Ce n’est nullement mon genre non plus et je ne doutais jamais un clin d’oeil que ce fut le tien !

anemone a ecrit: Reussit-on jamais a s’abriter volontairement via l’indifference ? Je crois que c’est fort difficile. On ne se refait pas. Il faudra deja avoir vecu votre gros cauchemar personnel pour devenir indifferent aux autres. J’eprouve l’indifference et bien le sens en cas de facherie importante, dans une cassure irreversible. Di?s que je ferme chez moi, je peux ignorer une personne aussi proche..C’est aussi un moyen de se preserver, d’eviter d’autres blessures, car quand on est a bout d’arguments, si on se deniche face a votre mur borne, a quoi bon vouloir continuer. Je ne suis nullement du genre a tendre l’autre a.

— OK avec toi. Par la force des choses, j’ai ete obligee de mettre une carapace de protection. mais je ne crois pas me tromper en disant que je tendrai quand meme mon tour a un ennemi en difficulte. physique (concernant le est. il peut se l’accrocher avec une epingle double )

anemone a ecrit: Nelly a ecrit: Tu dis eprouver de l’indifference. mais il faudra pouvoir : quand un quidam que tu as beaucoup apprecie te fera de la peine, tu peux afficher une facade d’indifference, mais qu’en est-il du ressenti ? Il pourrait etre agreable que le avis soit similaire, mais c’est loin d’etre acquis. Pour moi, du moins. Je me sentirais blessee, humiliee, salie, videe, epuisee ! Nelly, j’ai J’ai reputation d’etre fort dure..je peux bannir bien sentiment envers quelqu’un si l’on a fera tres en gali?re, ainsi, encore plus envers ceux adores. J’ai mis sous clef mes sentiments envers des membres de la famille, je ne dis pas que pendant un temps certain, on n’eprouve aucun chagrin, mais on doit arriver a se conditionner. Pour arriver a une telle extremite, vous devez une dose de souffrance enduree. Si je n’avais pas pris ces decisions, bien des trucs d’avenir seraient sans suite. Faut-il que tu aies vecu des moments difficiles Afin de reussir a verrouiller ainsi ton coeur et ton esprit !

anemone a ecrit: Je crois qu’en plus en arrivant a un certain age, on supporte de moins en moins le mal gratuit. Je crois qu’on ne le supporte a aucun age et tellement d’enfants paraissent traumatises a vie par des actes de barbarie de leurs amis. Mais il va falloir reussir a se blinder ainsi.

anemone a ecrit: Mais chaque caractere reste different, j’ai la chance de pouvoir trouver la force de batir un mur total d’indifference. Oui, tu te proteges ainsi et tant mieux pour toi si tu y arrives. Pour la part, je ne peux gui?re le Realiser sans souffrir. Mais ca est en mesure de ronger. Je n’eprouve aucun haine : parfois d’la deception, desfois en colere et surtout d’la rancune, tapie au fond de moi, qui peut se reveiller en fonction des circonstances.

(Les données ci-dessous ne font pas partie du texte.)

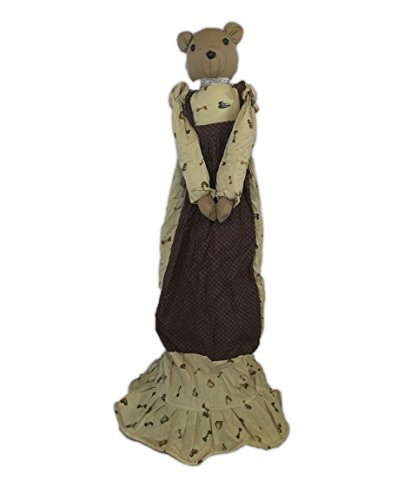Decorative Momma Bear Vacuum Upright Cleaner Cover Up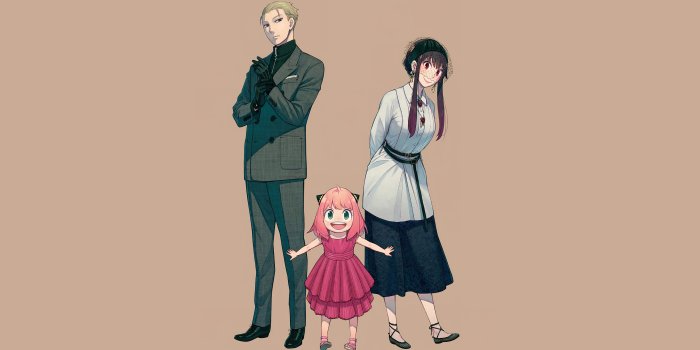 3840x2160 Spy x Family Wallpapers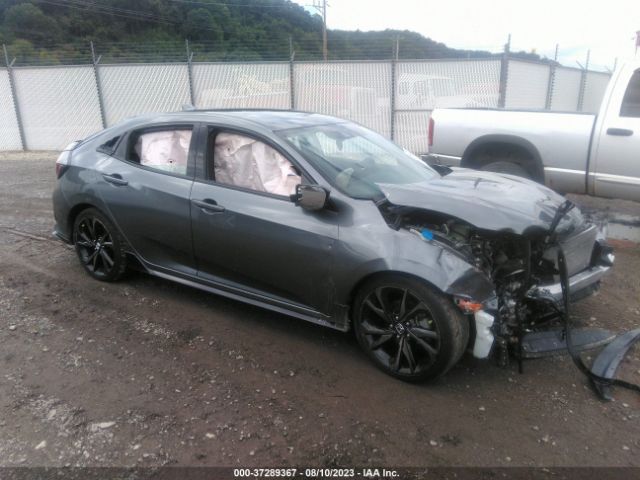 HONDA CIVIC 2019 shhfk7h42ku402691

Brumes a ecrit: — OK avec toi. Par la force des choses, on m’a obligee de mettre une carapace de protection. mais je ne crois pas me tromper en disant que je tendrai quand meme mon tour a un ennemi en difficulte. physique (pour le demeure. il va se l’accrocher avec une epingle double ) Je n’aime gui?re le commentaire “ennemi”. S’il s’agit tout d’un proche, Complique de lui accoler cette etiquette, a moins d’avoir subi quelque chose d’enorme. S’il s’agit tout d’un etranger, je reagirais de la meme maniere que lorsqu’il s’agissait tout d’un inconnu. Je donnerais un coup de mains s’il le fallait, prete a passer a nouvelle chose ensuite, sans regret ou, peut-etre meme avec une rapide pointe de satisfaction de lui porter secours.

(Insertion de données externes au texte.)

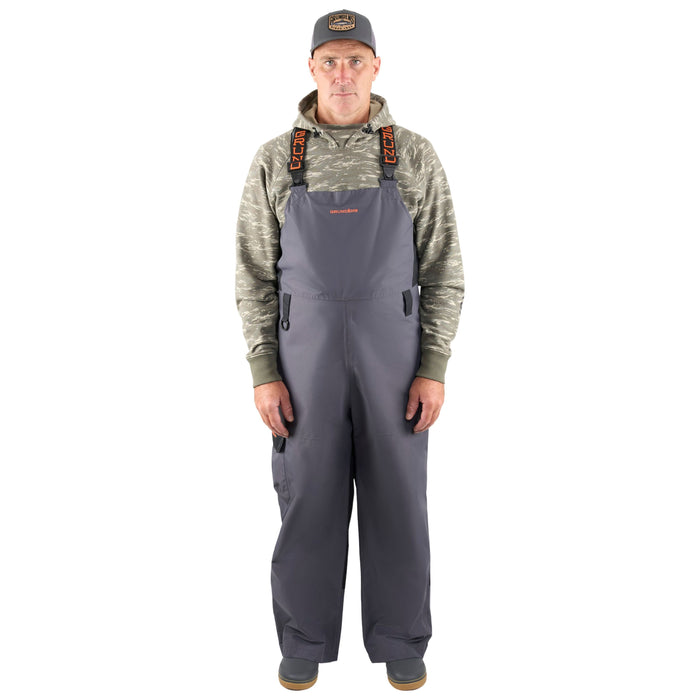 Grundens Men's Deepwater 2L Fishing Bib Anchor Image 02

J’me souviendrai forcement d’une ancienne collegue de travail. J’etais jeune sans rien connaitre en vie. Cette collegue avait un seul frere plus age qu’elle. Apri?s partage de l’heritage, elle s’est sentie flouee (je ne connais pas le detail). Elle pouvait penser a propos de le frere : “meme quand il crevait a cote de moi, je ne m’arreterais nullement Afin de l’aider”. Ca a marquee.